Eyeball harvesting put State data office in spotlight
By Fred.Aminga, August 14, 2023
Kenya was recently the centre of focus with two major occurrences that once again put the country’s preparedness to dangers that leverage cyberspace to compromise the integrity of data.
It took the intervention of media for the Interior Ministry to move in and suspend a project distributing WorldCoin cryptocurrency projects locally.
The State made the move so as to assess potential risks to public safety associated with WorldCoin’s operations triggering investigations into the intended use of collected data.
The discourse around WorldCoin, which is backed by a company called Tools for Humanity, is articulated in its white paper, which from my perspective means the company’s operations adhered to the nature of its offerings, and the aim was to distribute free cryptocurrency tokens valued at around Sh7,000 ($49.09) which is openly acknowledged.

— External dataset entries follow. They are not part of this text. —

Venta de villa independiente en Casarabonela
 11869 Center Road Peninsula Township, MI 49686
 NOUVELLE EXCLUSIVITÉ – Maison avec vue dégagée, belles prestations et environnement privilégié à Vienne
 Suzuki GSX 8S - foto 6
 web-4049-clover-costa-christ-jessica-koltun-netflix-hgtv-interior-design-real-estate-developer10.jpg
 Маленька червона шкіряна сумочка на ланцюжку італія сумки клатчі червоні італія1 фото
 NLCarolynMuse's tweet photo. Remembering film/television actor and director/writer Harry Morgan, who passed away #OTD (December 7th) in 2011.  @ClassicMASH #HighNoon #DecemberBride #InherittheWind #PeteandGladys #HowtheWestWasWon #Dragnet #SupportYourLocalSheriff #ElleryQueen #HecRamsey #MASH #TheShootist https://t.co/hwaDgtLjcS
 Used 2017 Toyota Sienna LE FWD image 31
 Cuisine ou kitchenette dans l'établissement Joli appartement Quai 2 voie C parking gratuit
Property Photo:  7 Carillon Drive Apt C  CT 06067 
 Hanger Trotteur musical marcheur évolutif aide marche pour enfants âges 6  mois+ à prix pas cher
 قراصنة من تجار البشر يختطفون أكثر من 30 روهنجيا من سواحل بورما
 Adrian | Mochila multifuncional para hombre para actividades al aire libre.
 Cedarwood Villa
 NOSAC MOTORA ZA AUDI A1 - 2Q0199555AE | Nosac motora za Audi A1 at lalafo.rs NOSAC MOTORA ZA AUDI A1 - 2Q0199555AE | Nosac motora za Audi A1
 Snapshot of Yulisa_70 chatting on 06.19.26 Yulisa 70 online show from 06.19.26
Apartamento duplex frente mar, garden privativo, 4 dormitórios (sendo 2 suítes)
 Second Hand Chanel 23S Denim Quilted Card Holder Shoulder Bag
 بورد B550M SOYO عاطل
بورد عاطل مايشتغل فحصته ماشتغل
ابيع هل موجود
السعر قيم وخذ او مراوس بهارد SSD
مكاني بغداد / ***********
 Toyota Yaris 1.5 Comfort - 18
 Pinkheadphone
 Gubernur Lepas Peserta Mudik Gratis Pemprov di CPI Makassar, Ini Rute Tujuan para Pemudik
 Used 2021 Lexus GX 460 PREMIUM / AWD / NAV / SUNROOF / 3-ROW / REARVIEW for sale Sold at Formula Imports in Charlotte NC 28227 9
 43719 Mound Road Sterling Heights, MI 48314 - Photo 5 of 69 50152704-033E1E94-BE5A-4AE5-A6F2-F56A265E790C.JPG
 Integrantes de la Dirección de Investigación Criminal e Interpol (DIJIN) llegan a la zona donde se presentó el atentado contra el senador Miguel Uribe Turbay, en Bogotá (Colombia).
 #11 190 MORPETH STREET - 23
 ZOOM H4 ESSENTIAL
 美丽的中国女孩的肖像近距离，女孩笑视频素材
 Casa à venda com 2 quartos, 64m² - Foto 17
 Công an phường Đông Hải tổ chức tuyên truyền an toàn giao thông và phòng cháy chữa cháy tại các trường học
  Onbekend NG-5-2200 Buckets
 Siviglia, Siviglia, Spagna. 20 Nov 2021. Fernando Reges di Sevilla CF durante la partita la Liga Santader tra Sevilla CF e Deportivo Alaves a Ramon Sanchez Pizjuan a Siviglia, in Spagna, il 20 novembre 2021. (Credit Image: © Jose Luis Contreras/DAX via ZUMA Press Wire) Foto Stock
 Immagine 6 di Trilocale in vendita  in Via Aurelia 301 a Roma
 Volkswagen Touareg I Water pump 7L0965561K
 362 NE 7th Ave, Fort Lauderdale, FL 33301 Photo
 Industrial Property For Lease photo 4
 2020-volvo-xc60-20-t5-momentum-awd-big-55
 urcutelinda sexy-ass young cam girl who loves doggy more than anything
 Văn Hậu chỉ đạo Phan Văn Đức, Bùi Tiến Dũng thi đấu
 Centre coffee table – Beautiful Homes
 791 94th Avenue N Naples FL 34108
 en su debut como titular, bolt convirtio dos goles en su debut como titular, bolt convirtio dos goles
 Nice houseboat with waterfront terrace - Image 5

Worldcoin managed to snap up an estimated 350,000 Kenyans before the government moved in.
In its whitepaper, the project aims to establish a “globally inclusive identity and financial network, owned by the majority of humanity.” This basically entails assigning a distinct digital identifier known as a World ID, to every human being, which is closely linked to a cryptocurrency called WLD, in short.
It also intends to facilitate the online authentication of human beings amid the proliferation of artificial intelligence (AI) bots. Alongside this, the initiative envisions to contribute to a universal basic income in a global economy marked by disruptions caused by AI.
Prior to its formal launch in Kenya, WorldCoin had encountered allegations of deceit, exploitation, and crypto-colonialism in regions such as Sudan, Indonesia, Ghana, Chile, and Norway. So, did the intelligence network and the data control office drop the ball?
The situation underscores the urgency in addressing our vulnerabilities as a nation. Regrettably, this situation coincided with Anonymous Sudan, a collective of hackers, claiming responsibility for a series of Distributed-Denial of Service attacks on critical online services within Kenya.
These cyberattacks targeted government websites, newspapers, and other platforms. According to Anonymous Sudan, hackers reportedly targeted eCitizen which hosts crucial services like driver’s license renewals and visa applications.
The attackers even claimed that launching the cyber offensive was relatively straightforward, urging Kenya to fortify cybersecurity defences.
In response, Kenya swiftly opened a regional office in Mombasa through the Office of the Data Protection Commissioner (ODPC), meant to enhance efforts in safeguarding data of Kenyans countrywide. The newly operational Mombasa office, alongside two additional regional offices in Kisumu and Nakuru, will definitely serve as a focal point for delivering data protection services in the coastal region.
However, they must also be positioned as centres for information, guidance, and support to businesses and individuals, thereby reinforcing efforts towards decentralised data privacy and protection.
The pivotal role of the office within Kenya’s data and digital transformation agenda necessitates preparedness and responsiveness to avoid being caught off guard, as witnessed in the two incidents.
The Data Protection Act of 2019 entrusts the ODPC with exclusive responsibility of overseeing the protection of personal data managed by both public and private data controllers and processors.
The crucial role of ODPC office, particularly in an era where more Kenyans rely on digital devices to access digital services and engage in socio-economic activities, cannot be gainsaid.
Given the challenges Kenya has faced, there is a need for the ODPC, Communications Authority, and law enforcement officers to quickly adopt a more proactive stance and widen their surveillance. The question is, what are the actual dividends from the scanned eyeballs?